Note that the gas purifying method for the gas purifying devices 10 according to the seventh embodiment of the present invention is not limited to the above-described gas purifying method. For example, similarly to the fifth embodiment, an additive gas supply unit which supplies an additive gas capable of generating oxidative radicals and a gas constituent analyzing device which detects gas constituents of a purification target gas may be further provided upstream of the first electric field forming unit and the second electric field forming unit in each of the gas purifying devices 10a, 10b. An example of the gas constituent analyzing device is an oxygen concentration detecting device which detects oxygen concentration.

Here, regarding the burning treatment rate for PM, by increase of oxygen concentration in the purification target gas EG and increase of concentration of oxidative radicals, the burning treatment rate can be increased, and thus it is preferable that the additive gas is supplied particularly to the gas purifying device in a state of the combustion mode.

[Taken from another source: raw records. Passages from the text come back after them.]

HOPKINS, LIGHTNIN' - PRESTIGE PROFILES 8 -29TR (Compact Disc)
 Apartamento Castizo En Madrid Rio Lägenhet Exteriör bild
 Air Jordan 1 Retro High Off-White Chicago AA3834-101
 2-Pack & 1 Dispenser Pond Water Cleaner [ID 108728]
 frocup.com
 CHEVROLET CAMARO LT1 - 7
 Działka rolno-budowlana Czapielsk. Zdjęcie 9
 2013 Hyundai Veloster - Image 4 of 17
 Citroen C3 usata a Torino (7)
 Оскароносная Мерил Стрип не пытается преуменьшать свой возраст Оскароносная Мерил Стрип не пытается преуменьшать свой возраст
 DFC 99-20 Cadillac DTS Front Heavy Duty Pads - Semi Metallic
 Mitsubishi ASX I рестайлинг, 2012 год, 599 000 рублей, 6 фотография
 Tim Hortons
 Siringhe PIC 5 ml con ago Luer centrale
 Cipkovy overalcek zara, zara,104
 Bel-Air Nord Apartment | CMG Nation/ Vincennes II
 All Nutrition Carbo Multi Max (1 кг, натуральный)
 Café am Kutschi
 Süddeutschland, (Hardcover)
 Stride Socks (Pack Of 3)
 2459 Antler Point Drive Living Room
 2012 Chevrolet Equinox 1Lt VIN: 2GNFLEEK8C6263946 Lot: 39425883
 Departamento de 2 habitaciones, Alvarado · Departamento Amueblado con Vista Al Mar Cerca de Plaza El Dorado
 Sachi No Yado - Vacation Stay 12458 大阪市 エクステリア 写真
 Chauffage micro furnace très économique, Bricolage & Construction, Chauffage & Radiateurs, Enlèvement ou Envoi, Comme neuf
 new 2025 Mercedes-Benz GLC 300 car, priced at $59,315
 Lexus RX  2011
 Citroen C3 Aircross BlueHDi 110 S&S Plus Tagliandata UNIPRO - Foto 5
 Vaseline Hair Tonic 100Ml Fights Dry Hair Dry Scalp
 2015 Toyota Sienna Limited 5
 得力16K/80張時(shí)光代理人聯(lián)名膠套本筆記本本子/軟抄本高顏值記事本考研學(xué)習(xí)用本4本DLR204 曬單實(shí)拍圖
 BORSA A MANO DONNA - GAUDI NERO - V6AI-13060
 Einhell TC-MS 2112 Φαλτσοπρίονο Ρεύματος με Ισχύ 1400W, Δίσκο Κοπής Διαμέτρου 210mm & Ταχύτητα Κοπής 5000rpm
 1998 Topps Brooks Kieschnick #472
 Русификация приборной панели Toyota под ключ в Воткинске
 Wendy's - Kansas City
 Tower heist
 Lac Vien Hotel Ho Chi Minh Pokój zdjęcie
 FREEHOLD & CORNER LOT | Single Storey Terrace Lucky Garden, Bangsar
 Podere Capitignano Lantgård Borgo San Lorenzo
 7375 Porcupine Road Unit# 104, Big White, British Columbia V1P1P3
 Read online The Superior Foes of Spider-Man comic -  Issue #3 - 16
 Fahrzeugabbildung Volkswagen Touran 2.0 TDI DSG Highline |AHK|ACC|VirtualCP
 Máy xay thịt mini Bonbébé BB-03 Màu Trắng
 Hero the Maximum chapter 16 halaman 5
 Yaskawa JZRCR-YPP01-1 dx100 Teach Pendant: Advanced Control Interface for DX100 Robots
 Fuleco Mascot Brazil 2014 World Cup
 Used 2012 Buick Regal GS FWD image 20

By thus providing the additive gas supply device and the oxygen concentration detecting device, oxygen concentration in the purification target gas EG can be set to a predetermined range. Accordingly, the generated amount of oxidative radicals can be increased, and the burning reaction of PM can be facilitated. Further, PM captured on the surfaces of the discharge electrodes 32 and the surface of the dielectric 31 in the vicinity of the discharge electrodes 32, or on the surface of the dust collection counter electrode 34 and the surface of the dielectric 31 in the vicinity of the dust collection counter electrode 34 can be more efficiently disintegrated and oxidized to purify the purification target gas. Further, when catalyst layers formed of platinum-based oxidation catalyst, three way catalyst, or the like for example are provided on the surfaces of the discharge electrodes 32 or the surface of the dielectric 31 in the vicinity of the discharge electrodes 32, or on the surface of the dust collection counter electrodes 34 and the surface of the dielectric 31 in the vicinity of the dust collection counter electrode 34, the catalysts absorb oxygen molecules to generate active oxygen for example, and thus it becomes possible to control reaction speed on the catalysts by controlling the oxygen concentration.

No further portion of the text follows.